Dabei richtet sich der Protest der Fans, der in der Schweigeaktion 12:12 seine breite Unterstützung in der Fanszene demonstriert hat, im Wesentlichen nicht gegen das Vorgehen gegen Gewalttaten oder Straftaten im Umfeld des Fußballs. Er richtet sich dagegen, dass man gegen Fußballfans mit Maßnahmen vorgeht, die rechtsstaatlichen Grundprinzipien widersprechen - wie etwa Stadionverboten, die auf Grundlage des Hausrechts von Clubs ausgesprochen werden, um Fans ohne die Möglichkeit, sich öffentlich zu verteidigen, auf Jahre hinaus das Recht zu entziehen, ihren Club im Stadion sehen zu können.
Dagegen kann man sein, ohne alle "Stadionverbotler" für unschuldig Verfolgte zu halten. Man kann einfach dafür sein, dass einem, nur, weil man Fußballfan ist, nicht die Unschuldsvermutung vorenthalten werden darf. Die an die DFL von Seiten der Politik vorgetragenen Forderungen schwanken aber zwischen vager Banalität ("endlich durchgreifen") und der konkreten Erwartung, eben diese Unschuldsvermutung umzudrehen: Etwa mit der Forderung, die Fans müssten sich "von den Gewalttätern klar distanzieren".
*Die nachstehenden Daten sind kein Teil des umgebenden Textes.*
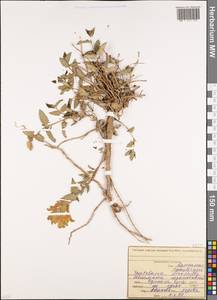 Scutellaria oreophila Grossh., Caucasus, North Ossetia, Ingushetia & Chechnya (K1c) (Russia)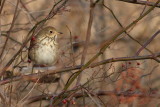 Hermit Thrush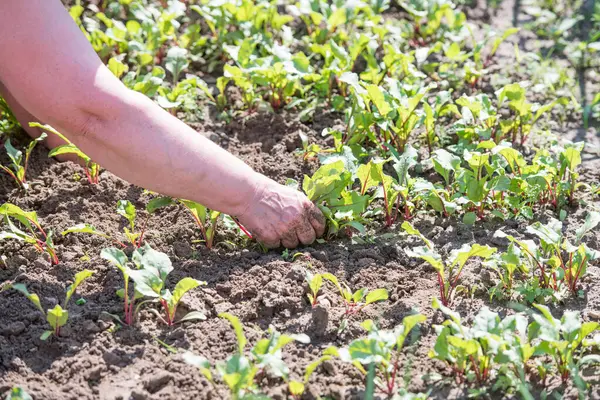 A nő a farmon dolgozik. a perzselő nap alatt. szárazföldi fizikai munka. Kertészkedés — Stock Fotó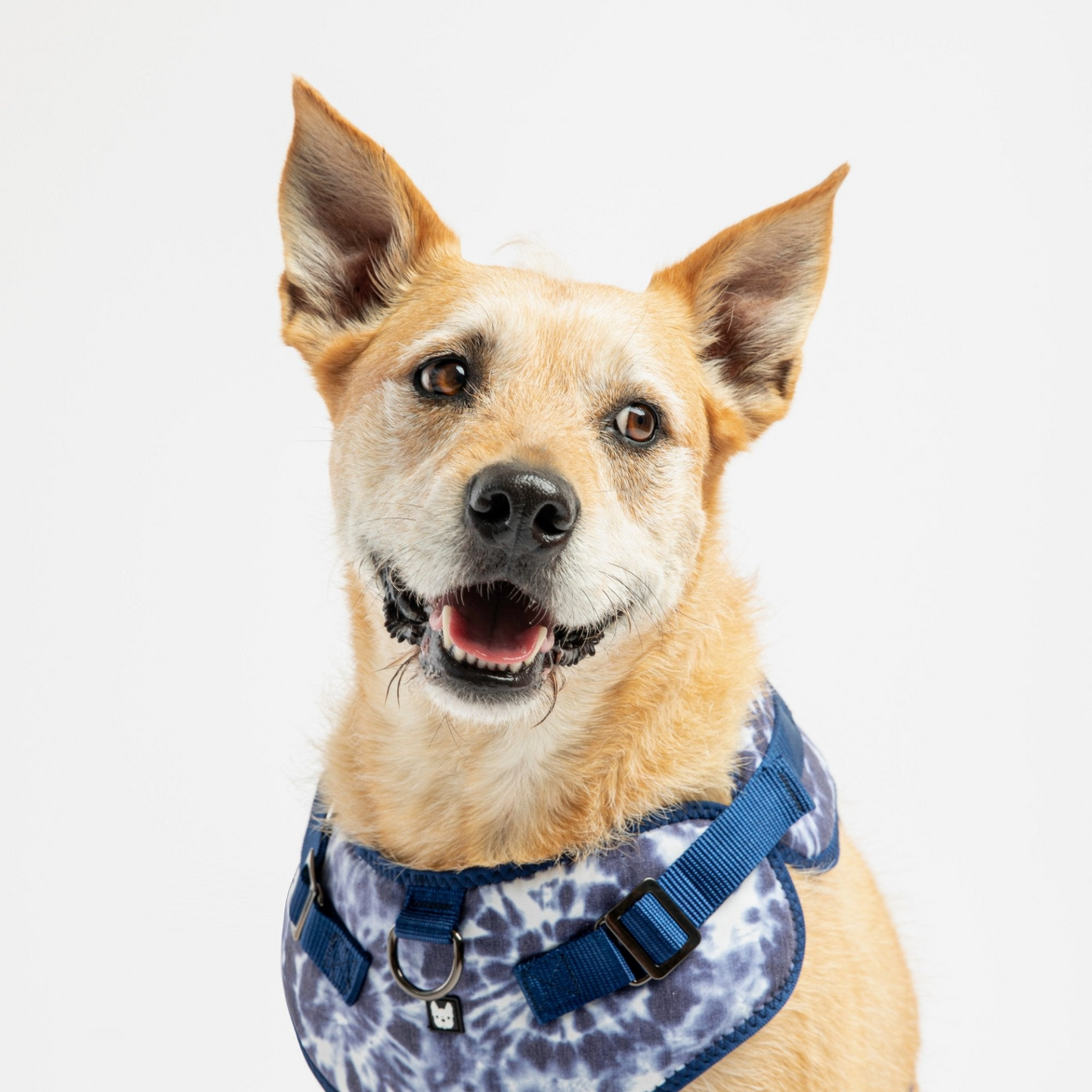 Arnés para perros de popelina - Tie Dye azul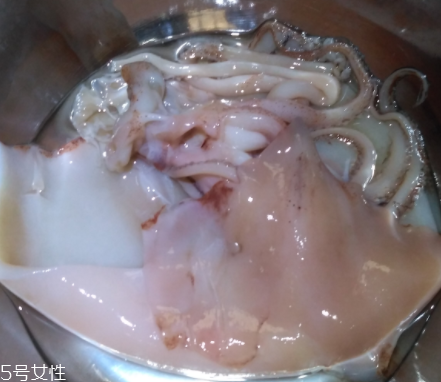 魷魚是海鮮嗎？魷魚屬于海鮮嗎？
Damit sind erstens nicht immer echte "Gewalttäter" gemeint, sondern oft Leute, die Pyrotechnik verwenden (was keine Straftat ist, sondern eine Ordnungswidrigkeit), und zweitens muss ich das als Stadionbesucher nicht. Ich muss auch nicht als Dynamo-Fan verhindern, dass irgendwelche Leute, die sich schwarzgelbe Schals vors Gesicht ziehen, über den Zaun klettern. Es ist gut, wenn die Fanszene es als Kollektiv schafft, Exzesse zu verhindern. Wenn nicht, dann hoffe ich, dass Gewalttäter von den zuständigen Stellen tatsächlich "konsequent" verfolgt werden. Aber ich muss nicht dafür stimmen, dass ich meiner Freiheitsrechte beraubt werde, nur, damit Innenpolitiker besser Wahlkampf machen können.
Da es momentan nicht danach aussieht, dass genau diese Unterscheidung im Bewusstsein der Medienöffentlichkeit ankommt, spricht wenig dafür, dass die mögliche Verabschiedung eines Sicherheitskonzepts am Mittwoch für einen erhofften Durchbruch sorgt. Erst Recht nicht nach dem Ausschluss Dynamo Dresdens.